Restate word for word the lines of the entries below, starting with the line that holds "Arizona Map Phoenix" and ending with the line that holds "Antique Top Quality", and no others.

━━━━━━━━━━━━━━━━━━━━

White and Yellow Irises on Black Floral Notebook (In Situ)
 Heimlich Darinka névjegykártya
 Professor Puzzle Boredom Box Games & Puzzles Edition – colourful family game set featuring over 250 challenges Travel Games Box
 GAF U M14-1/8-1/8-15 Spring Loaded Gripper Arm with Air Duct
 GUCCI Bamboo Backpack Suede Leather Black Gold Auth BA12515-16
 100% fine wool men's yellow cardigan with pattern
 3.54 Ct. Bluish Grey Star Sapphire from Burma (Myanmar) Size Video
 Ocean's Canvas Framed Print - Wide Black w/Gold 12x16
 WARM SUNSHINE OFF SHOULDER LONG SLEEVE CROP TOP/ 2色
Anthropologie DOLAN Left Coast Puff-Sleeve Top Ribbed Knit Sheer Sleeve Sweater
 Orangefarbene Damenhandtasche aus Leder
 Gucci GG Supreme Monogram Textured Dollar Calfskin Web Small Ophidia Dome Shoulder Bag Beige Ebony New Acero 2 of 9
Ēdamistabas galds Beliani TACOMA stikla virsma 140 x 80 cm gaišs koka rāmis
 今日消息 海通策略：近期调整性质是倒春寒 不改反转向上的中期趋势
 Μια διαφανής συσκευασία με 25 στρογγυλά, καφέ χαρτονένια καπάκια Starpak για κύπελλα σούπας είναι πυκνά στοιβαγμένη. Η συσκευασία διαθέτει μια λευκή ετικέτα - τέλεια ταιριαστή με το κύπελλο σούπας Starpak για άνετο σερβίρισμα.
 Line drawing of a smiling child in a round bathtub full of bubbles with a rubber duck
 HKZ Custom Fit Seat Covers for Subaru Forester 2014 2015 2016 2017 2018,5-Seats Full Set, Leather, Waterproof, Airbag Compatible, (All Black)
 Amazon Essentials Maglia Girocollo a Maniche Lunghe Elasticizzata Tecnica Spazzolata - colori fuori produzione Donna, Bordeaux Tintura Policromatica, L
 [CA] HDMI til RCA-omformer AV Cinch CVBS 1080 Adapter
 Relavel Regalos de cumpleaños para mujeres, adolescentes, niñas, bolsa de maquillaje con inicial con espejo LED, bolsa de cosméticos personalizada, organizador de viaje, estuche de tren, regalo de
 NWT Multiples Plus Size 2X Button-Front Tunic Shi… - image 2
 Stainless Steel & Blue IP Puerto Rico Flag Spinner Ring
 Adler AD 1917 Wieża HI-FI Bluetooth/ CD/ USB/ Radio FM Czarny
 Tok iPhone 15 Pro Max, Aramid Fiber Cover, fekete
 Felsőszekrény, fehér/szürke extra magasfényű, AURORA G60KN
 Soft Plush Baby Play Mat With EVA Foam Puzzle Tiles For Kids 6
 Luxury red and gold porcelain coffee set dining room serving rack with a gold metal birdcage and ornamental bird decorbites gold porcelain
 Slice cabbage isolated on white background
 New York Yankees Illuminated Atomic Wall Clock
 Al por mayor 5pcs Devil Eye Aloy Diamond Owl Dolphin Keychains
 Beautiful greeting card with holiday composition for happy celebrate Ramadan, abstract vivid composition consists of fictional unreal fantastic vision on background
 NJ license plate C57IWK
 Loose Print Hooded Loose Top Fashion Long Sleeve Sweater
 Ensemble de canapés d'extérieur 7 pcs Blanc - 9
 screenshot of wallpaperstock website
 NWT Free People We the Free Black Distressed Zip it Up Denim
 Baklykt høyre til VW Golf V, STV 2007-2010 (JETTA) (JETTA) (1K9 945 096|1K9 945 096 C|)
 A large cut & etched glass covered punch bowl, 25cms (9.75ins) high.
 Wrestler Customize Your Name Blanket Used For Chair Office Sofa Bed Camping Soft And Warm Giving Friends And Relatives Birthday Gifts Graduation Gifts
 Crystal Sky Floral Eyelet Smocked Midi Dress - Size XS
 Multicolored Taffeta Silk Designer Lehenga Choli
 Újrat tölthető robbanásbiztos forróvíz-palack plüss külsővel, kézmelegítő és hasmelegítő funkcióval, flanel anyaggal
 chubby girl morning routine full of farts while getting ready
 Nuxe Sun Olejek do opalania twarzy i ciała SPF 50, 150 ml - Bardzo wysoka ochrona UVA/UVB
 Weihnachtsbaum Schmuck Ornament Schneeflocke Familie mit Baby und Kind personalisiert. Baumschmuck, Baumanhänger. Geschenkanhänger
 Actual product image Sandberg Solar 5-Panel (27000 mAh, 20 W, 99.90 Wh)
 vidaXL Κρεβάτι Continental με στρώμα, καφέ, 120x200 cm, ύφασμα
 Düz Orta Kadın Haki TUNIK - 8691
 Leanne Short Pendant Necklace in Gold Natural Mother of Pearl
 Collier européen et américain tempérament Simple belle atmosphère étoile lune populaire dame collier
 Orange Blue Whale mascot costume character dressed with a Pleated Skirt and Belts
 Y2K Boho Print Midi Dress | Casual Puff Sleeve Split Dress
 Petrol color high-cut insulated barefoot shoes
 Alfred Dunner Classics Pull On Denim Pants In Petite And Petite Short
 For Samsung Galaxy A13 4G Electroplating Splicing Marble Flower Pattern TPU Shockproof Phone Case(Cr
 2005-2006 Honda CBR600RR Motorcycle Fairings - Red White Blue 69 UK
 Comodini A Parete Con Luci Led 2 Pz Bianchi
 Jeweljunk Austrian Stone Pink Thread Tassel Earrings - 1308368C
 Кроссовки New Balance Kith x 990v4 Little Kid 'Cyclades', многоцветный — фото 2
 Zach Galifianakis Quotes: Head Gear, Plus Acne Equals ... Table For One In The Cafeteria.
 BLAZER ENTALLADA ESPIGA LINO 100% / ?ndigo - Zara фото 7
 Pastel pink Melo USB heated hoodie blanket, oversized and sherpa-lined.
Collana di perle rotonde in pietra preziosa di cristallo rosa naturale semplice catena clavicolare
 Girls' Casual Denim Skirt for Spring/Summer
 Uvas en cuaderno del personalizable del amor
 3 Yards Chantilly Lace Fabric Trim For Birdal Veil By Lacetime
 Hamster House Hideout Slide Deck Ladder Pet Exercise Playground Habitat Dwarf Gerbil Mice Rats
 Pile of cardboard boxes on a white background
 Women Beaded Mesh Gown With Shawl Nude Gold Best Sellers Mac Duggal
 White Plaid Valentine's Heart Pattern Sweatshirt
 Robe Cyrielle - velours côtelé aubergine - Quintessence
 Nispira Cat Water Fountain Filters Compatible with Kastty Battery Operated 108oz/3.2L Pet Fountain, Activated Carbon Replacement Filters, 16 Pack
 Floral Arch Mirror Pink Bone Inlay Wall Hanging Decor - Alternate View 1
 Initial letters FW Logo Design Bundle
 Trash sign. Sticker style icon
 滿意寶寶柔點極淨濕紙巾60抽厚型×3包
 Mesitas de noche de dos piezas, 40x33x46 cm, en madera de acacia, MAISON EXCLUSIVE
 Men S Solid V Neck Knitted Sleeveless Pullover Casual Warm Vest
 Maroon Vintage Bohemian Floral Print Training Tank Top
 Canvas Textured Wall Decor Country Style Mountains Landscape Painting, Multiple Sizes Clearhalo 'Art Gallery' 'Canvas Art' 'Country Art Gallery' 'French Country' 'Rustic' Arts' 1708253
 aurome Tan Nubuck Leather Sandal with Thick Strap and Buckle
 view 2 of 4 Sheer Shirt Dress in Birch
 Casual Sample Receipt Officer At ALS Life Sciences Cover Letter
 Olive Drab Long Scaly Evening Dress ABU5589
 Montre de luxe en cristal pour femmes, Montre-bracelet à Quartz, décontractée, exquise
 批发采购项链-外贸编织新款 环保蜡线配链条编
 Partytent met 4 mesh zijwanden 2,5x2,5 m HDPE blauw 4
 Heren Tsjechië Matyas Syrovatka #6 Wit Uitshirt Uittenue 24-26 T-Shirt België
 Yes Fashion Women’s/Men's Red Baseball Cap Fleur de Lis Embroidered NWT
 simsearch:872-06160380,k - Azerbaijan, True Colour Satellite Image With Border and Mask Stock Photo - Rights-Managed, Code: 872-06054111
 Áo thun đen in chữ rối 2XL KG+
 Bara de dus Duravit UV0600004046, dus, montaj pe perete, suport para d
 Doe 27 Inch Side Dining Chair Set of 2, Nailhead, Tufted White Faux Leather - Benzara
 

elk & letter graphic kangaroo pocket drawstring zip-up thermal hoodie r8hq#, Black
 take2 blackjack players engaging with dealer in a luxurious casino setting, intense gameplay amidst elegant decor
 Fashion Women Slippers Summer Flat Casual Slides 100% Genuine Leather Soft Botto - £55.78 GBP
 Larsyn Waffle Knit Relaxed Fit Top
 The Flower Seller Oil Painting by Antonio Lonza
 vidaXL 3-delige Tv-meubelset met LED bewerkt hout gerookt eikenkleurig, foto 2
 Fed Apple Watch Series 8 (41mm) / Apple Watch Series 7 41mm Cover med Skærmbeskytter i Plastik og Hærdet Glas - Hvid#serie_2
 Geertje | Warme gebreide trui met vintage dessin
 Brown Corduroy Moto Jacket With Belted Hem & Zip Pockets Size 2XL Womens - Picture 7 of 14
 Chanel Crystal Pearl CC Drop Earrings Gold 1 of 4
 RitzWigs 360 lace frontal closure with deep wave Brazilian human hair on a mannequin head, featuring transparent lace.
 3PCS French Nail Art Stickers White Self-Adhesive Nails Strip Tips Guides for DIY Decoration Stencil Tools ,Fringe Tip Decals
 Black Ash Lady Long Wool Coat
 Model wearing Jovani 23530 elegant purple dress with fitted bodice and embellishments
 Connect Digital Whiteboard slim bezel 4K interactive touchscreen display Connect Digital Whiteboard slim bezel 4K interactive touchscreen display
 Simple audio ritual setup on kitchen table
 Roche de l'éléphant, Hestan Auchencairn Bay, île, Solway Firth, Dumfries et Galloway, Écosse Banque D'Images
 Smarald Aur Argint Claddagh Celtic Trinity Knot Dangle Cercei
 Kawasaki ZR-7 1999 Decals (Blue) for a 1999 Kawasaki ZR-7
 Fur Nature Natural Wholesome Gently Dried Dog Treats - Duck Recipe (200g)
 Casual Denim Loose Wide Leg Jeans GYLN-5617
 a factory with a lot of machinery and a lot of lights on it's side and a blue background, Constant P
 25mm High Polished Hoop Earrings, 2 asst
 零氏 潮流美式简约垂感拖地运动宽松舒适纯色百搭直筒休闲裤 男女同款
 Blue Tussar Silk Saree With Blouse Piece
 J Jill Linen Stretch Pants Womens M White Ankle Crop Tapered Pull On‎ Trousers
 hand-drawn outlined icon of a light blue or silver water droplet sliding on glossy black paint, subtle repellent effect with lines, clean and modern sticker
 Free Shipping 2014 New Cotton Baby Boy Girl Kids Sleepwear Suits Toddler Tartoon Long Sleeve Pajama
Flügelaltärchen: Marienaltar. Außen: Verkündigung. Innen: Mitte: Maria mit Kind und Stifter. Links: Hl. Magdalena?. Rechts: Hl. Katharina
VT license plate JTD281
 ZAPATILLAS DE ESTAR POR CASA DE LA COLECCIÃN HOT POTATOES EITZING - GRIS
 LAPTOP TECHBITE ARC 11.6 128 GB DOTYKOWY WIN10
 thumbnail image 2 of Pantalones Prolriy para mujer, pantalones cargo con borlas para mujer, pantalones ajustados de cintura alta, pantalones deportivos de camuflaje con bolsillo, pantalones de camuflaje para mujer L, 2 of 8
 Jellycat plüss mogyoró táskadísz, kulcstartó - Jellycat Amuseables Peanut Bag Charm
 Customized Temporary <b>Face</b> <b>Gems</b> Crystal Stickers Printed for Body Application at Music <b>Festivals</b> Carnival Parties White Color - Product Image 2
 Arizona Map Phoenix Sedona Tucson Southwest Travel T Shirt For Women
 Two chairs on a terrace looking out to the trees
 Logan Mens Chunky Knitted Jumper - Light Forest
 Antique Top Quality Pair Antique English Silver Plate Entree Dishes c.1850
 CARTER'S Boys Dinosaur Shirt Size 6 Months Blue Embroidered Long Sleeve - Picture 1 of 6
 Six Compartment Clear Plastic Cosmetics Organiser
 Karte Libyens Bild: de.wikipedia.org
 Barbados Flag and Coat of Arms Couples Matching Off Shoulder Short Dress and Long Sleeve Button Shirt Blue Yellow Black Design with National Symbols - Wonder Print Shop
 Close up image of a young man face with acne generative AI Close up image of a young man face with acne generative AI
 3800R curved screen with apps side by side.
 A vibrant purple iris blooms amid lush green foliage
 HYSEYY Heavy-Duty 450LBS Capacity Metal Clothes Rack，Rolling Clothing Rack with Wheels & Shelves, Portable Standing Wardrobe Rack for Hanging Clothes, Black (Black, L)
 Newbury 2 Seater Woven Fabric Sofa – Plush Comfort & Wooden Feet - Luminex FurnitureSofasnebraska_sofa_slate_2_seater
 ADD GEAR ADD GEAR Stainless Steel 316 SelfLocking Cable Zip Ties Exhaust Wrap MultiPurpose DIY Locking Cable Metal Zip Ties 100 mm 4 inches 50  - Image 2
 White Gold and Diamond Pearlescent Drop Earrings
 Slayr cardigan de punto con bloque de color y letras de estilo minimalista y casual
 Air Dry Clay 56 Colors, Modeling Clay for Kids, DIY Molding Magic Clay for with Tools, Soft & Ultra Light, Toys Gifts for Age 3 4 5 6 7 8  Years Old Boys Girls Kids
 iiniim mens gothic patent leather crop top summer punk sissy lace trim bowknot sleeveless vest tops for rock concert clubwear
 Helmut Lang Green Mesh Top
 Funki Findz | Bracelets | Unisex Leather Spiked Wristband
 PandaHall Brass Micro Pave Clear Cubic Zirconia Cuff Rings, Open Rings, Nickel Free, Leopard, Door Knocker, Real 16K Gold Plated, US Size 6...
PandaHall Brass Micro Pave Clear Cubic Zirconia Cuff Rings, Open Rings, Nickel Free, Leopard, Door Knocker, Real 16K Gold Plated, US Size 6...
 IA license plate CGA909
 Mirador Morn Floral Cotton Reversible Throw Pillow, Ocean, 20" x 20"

━━━━━━━━━━━━━━━━━━━━

● Response for this exercise
 Arizona Map Phoenix Sedona Tucson Southwest Travel T Shirt For Women
 Two chairs on a terrace looking out to the trees
 Logan Mens Chunky Knitted Jumper - Light Forest
 Antique Top Quality Pair Antique English Silver Plate Entree Dishes c.1850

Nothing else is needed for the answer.